• PROBLEM TO WORK ON:
Your output should be exactly the lines from the one containing "Pure Natural Cow" through the final line of the records, both included, with every picture left out.

++++++++++

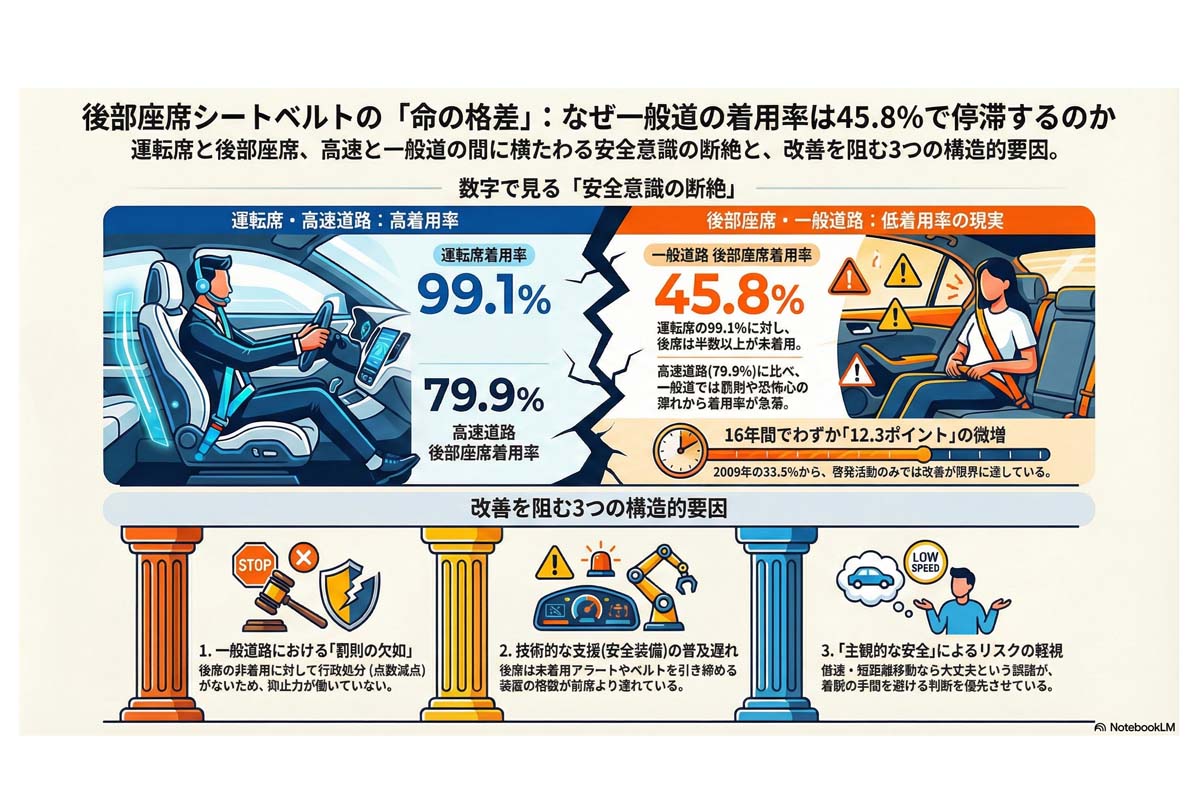 後部座席シートベルトの命の格差。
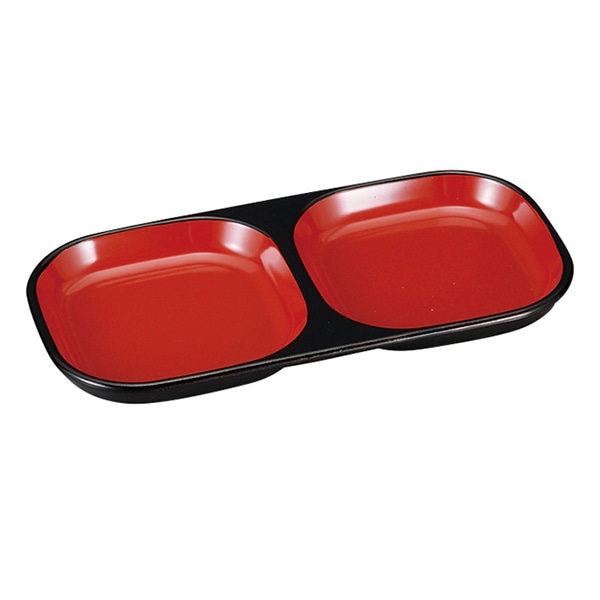 福井クラフト 渕丸2点薬味皿 朱天黒 45151850 1個（ご注文単位1個）【直送品】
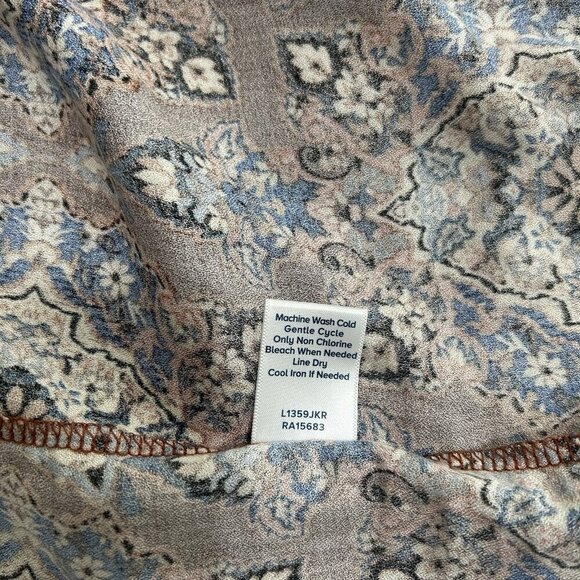 Allison Terracotta Leoni Kimono Wrap Short Sleeve Brown Ikat Floral Sz M/L Boho - Picture 8 of 9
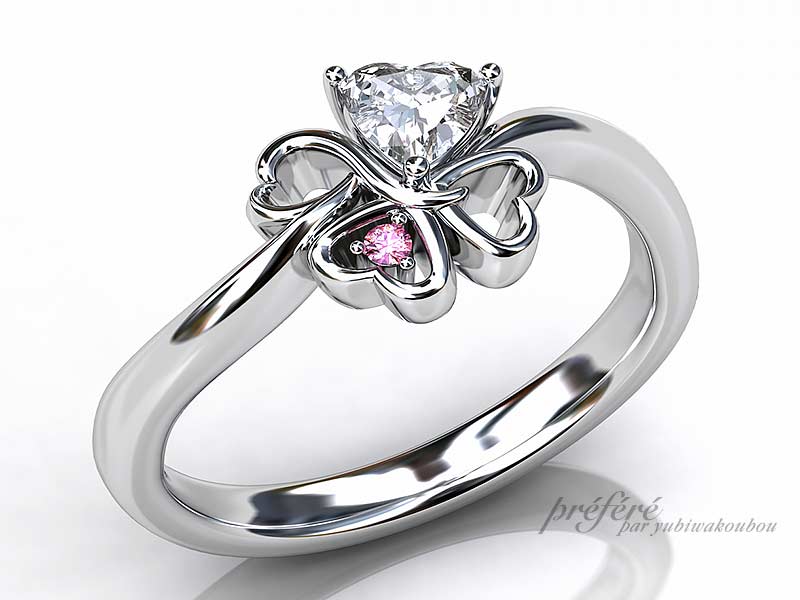 オーダーメイドの婚約指輪は幸せ四つ葉のクローバーのデザインでサプライズ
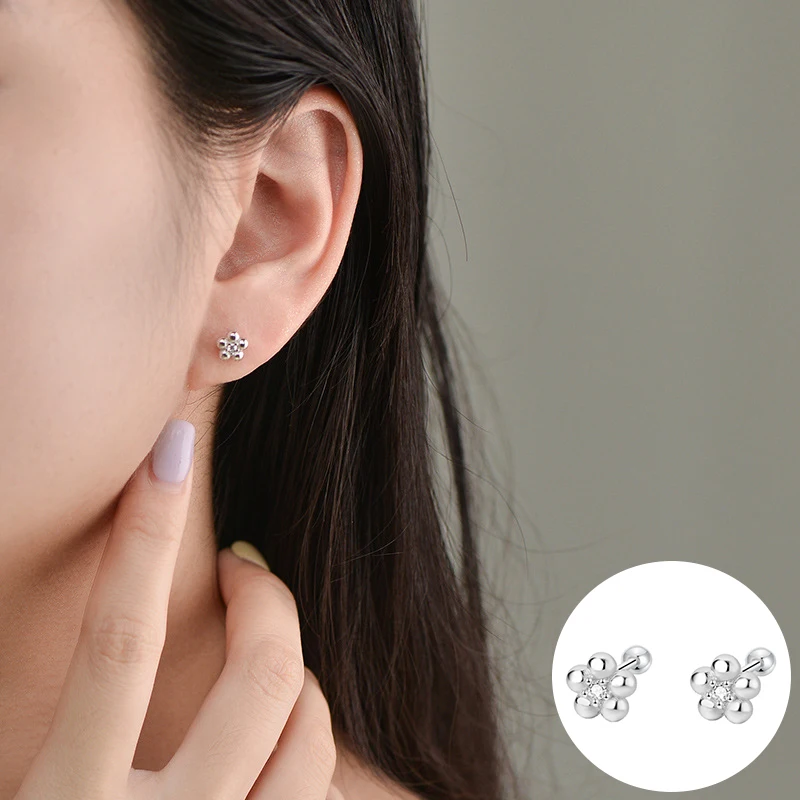 

100% 925 Sterling Silver Zircon Geometric Earrings for Women Girl Fashion Round Ball Design Jewelry Birthday Gift Dropshipping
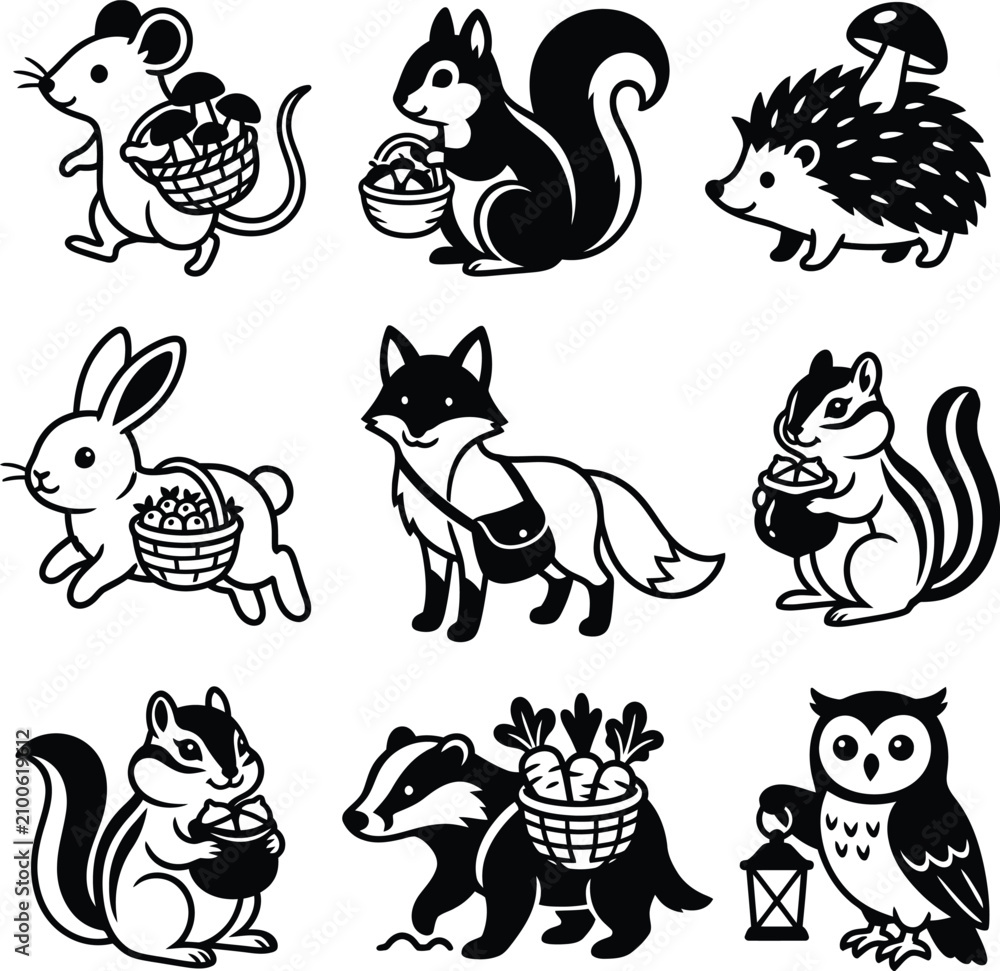 Obraz premium A selection of cute forest animal illustrations featuring woodland creatures gathering food and supplies.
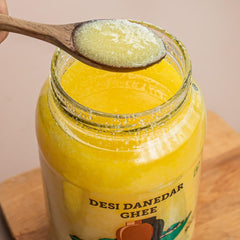 Pure Natural Cow Ghee By Country Delight | Natural & Healthy Danedar Cow Ghee Ideal For Parathe | (900ml) 30.4 Ounce | Jar Pack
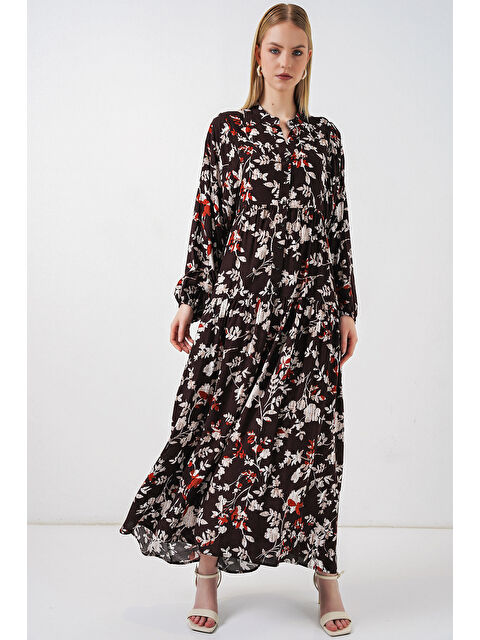 Bigdart Kadın Desenli Uzun Tesettür Elbise 2585 - Beyaz - Kahve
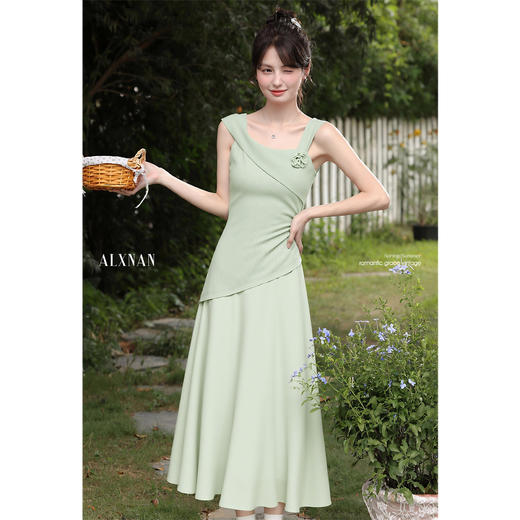 鹿向南「茶茉次方」法式浅绿色吊带连衣裙女夏季收腰显瘦气质裙子DYL661765 商品图3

++++++++++

• ANSWER TO THIS TASK:
 Pure Natural Cow Ghee By Country Delight | Natural & Healthy Danedar Cow Ghee Ideal For Parathe | (900ml) 30.4 Ounce | Jar Pack
 Bigdart Kadın Desenli Uzun Tesettür Elbise 2585 - Beyaz - Kahve
 鹿向南「茶茉次方」法式浅绿色吊带连衣裙女夏季收腰显瘦气质裙子DYL661765 商品图3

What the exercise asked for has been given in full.